Data below »
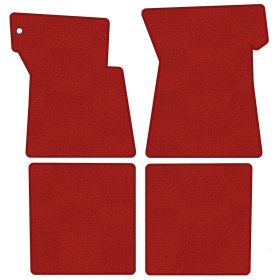 1967 1968 1969 1970 Cadillac Deville Convertible Carpet Floor Mats 4 Pieces (Multiple Colors and Options) REPRODUCTION Free Shipping In The USA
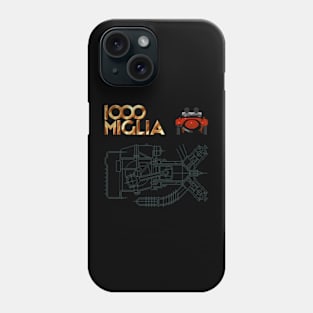 1000 Miglia Phone Case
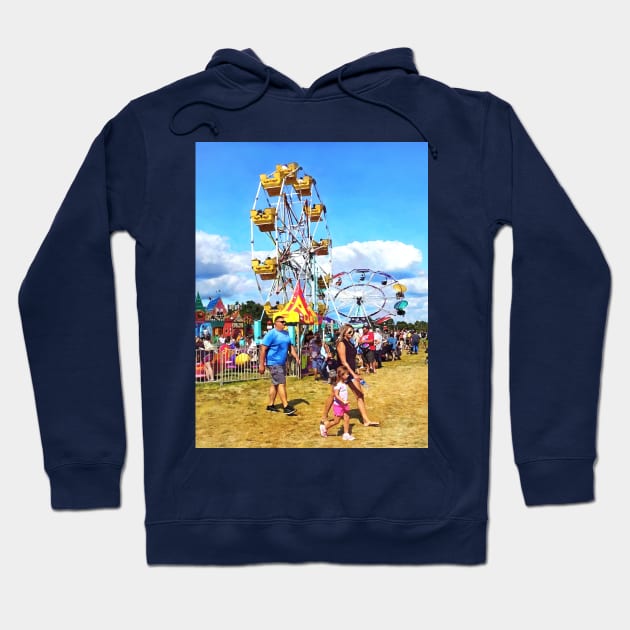 A Day at the Fair Hoodie by SusanSavad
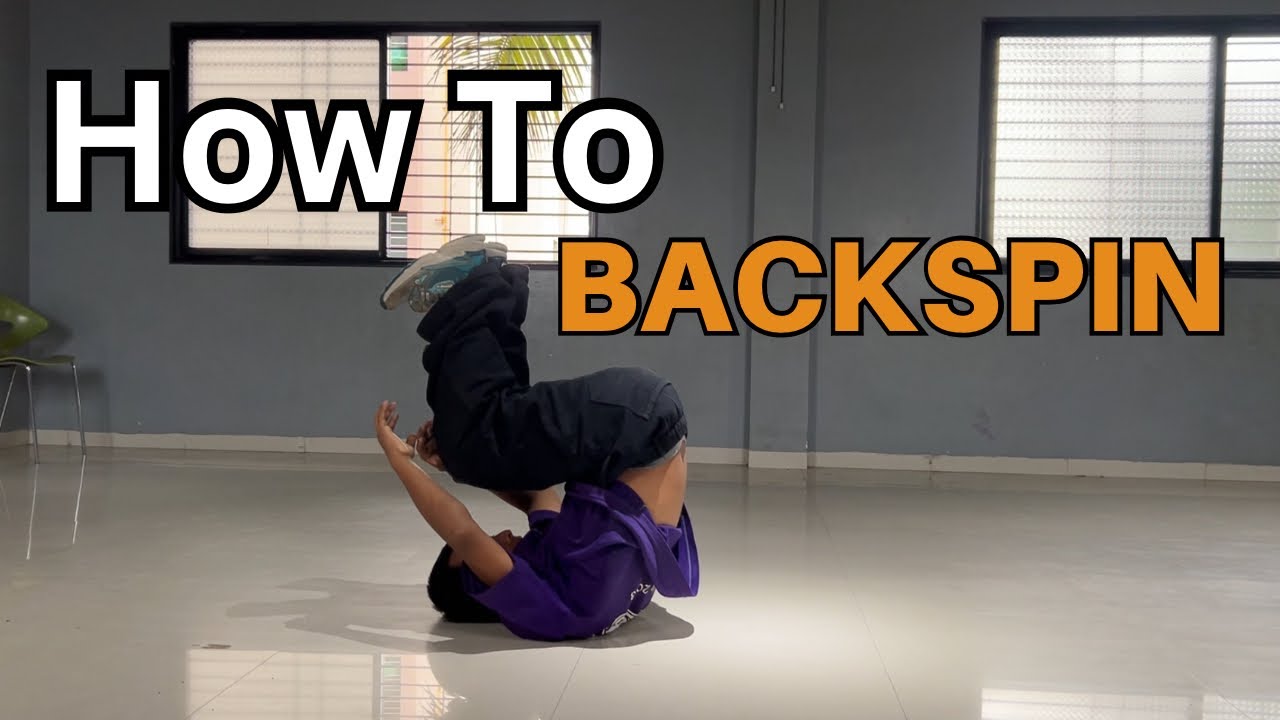 How to Backspin by Bimal Rana | powermoves tutorial for beginners | breakdance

Required work » From the line containing "A Day at the Fair Hoodie by SusanSavad" down to the last line of the data, print every line exactly and nothing else. Pictures stay out of the copy.

Task response »
 A Day at the Fair Hoodie by SusanSavad
 How to Backspin by Bimal Rana | powermoves tutorial for beginners | breakdance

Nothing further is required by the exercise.